Work to be completed: The data below holds the lines to copy: everything from the line containing "Blessings Midi Dress Blue - luluinthesky" to the line containing "Пуловер Lecomte белый с розовой полосой", both ends included, set down exactly.

Record set:
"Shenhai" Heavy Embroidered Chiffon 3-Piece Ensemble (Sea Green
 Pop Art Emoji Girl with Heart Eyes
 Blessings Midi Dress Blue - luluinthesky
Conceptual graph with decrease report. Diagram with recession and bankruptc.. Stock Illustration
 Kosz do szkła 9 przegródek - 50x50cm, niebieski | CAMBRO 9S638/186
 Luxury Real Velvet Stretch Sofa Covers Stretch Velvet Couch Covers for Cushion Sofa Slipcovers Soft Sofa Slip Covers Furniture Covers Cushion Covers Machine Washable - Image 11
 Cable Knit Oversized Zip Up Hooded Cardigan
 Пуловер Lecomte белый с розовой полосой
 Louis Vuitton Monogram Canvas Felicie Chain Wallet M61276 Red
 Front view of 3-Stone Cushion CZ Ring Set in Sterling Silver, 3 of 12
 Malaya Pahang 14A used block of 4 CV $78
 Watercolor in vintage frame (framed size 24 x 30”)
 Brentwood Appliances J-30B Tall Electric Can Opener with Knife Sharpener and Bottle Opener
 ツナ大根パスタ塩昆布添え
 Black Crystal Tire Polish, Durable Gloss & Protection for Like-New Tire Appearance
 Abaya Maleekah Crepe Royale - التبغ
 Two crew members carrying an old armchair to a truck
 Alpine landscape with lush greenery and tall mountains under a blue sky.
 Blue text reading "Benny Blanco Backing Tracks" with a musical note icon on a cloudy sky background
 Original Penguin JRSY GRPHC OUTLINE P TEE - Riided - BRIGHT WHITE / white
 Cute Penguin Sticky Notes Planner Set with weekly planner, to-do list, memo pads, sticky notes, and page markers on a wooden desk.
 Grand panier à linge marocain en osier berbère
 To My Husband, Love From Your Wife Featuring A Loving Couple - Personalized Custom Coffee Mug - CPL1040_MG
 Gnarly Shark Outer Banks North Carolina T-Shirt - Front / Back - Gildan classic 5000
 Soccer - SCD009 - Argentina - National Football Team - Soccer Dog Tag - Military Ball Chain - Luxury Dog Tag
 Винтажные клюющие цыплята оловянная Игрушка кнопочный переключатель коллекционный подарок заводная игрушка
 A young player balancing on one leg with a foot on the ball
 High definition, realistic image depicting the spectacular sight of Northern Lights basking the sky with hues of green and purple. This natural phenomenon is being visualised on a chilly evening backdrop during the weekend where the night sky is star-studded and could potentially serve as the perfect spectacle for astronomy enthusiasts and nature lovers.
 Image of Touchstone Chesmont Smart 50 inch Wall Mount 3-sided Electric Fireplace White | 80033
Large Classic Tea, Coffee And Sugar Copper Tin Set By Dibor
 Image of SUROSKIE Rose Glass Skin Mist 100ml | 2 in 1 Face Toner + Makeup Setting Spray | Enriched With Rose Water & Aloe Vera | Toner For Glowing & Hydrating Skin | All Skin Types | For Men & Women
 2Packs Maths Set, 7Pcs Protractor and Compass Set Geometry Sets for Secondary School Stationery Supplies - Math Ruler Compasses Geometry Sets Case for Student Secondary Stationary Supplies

Answer below:
 Blessings Midi Dress Blue - luluinthesky
Conceptual graph with decrease report. Diagram with recession and bankruptc.. Stock Illustration
 Kosz do szkła 9 przegródek - 50x50cm, niebieski | CAMBRO 9S638/186
 Luxury Real Velvet Stretch Sofa Covers Stretch Velvet Couch Covers for Cushion Sofa Slipcovers Soft Sofa Slip Covers Furniture Covers Cushion Covers Machine Washable - Image 11
 Cable Knit Oversized Zip Up Hooded Cardigan
 Пуловер Lecomte белый с розовой полосой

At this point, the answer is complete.